=== The problem ===
In the entries below, find the line with "A reproduction gilt" and the line with "A 17th century". Reproduce those two lines and every line between them exactly, and nothing more.

=== Raw data ===

┄┄┄┄┄┄┄┄┄┄

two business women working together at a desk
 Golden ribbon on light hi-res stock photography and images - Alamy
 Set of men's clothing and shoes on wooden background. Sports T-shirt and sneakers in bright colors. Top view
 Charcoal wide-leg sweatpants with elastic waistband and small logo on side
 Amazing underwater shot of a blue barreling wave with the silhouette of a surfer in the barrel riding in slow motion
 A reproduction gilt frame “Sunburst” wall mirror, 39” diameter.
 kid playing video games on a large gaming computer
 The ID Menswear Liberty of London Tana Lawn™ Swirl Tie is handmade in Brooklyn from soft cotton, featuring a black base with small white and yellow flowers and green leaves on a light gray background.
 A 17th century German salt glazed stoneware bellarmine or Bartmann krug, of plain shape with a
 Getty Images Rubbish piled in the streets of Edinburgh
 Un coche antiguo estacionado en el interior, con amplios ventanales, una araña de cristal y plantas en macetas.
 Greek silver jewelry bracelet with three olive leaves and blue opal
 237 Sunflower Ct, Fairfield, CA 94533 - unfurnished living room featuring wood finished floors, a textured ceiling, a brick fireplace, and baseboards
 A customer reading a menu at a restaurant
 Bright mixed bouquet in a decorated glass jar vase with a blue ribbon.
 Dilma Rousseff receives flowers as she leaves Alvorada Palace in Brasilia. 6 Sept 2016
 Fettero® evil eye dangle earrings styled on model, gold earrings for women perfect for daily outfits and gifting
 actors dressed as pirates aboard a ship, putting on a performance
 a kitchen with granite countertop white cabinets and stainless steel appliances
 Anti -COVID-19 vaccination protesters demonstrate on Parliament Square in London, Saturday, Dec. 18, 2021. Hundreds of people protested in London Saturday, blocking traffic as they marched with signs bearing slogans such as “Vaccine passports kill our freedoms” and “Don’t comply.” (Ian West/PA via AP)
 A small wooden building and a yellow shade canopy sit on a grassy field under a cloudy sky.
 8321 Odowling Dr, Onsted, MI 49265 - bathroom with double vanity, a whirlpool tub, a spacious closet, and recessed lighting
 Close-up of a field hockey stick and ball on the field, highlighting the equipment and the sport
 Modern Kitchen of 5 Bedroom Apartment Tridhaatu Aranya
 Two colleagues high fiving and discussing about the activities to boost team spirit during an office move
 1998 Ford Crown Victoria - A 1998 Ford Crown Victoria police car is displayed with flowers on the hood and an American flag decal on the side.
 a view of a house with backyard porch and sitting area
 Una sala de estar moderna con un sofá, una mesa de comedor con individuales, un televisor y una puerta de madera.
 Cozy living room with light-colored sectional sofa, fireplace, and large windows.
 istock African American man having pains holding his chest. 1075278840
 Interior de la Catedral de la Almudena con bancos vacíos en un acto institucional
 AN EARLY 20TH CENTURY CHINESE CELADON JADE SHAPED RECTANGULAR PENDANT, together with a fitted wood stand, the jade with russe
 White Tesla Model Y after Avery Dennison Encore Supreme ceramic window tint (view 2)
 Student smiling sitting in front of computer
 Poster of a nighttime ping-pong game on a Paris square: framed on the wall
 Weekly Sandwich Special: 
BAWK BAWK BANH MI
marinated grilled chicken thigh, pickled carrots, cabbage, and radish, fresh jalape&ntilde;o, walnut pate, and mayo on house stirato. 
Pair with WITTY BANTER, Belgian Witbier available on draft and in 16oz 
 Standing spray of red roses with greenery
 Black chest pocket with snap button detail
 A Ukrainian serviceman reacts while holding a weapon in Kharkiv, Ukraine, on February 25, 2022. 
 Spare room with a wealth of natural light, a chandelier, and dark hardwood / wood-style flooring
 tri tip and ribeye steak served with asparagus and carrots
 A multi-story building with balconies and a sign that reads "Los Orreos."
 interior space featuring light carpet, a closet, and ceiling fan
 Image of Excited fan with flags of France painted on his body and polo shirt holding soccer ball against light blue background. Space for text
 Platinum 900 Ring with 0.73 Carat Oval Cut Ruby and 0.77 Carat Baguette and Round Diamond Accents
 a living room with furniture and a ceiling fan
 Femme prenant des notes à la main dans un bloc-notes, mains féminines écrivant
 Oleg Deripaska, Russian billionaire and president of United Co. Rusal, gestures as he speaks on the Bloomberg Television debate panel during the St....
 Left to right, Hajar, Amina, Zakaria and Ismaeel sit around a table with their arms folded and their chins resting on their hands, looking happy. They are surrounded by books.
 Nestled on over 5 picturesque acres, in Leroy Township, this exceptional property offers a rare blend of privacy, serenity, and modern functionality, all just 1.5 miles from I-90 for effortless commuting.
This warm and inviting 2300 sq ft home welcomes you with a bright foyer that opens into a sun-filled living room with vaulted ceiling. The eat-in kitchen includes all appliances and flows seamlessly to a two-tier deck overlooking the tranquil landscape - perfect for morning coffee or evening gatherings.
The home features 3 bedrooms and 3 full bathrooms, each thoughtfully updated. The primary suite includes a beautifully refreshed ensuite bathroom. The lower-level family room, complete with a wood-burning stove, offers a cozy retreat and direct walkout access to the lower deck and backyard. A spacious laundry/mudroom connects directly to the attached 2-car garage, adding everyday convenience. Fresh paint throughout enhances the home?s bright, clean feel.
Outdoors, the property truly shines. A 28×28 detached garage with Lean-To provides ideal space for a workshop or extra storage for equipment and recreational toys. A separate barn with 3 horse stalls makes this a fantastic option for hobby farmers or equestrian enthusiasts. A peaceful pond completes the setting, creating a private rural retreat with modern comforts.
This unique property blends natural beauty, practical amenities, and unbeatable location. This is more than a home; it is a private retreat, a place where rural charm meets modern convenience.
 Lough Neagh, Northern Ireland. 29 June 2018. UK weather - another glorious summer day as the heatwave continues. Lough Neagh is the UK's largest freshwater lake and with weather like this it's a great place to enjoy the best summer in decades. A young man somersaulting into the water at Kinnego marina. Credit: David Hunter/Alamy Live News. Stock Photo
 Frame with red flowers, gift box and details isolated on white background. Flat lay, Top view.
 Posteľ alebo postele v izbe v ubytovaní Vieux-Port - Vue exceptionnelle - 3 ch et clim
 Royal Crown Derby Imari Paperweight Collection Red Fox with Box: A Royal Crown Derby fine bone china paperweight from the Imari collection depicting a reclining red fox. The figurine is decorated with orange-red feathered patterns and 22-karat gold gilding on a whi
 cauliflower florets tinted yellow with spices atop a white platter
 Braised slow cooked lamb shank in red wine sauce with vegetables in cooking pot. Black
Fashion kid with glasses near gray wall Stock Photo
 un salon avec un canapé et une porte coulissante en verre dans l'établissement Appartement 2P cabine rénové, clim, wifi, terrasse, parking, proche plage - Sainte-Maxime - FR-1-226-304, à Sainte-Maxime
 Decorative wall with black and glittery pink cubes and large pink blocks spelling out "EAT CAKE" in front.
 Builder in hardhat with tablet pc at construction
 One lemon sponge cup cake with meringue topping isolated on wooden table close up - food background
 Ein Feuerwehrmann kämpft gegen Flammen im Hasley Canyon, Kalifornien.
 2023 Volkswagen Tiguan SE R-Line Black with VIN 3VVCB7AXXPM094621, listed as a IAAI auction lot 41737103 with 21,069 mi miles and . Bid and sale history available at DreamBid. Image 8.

┄┄┄┄┄┄┄┄┄┄

=== Your solution ===
 A reproduction gilt frame “Sunburst” wall mirror, 39” diameter.
 kid playing video games on a large gaming computer
 The ID Menswear Liberty of London Tana Lawn™ Swirl Tie is handmade in Brooklyn from soft cotton, featuring a black base with small white and yellow flowers and green leaves on a light gray background.
 A 17th century German salt glazed stoneware bellarmine or Bartmann krug, of plain shape with a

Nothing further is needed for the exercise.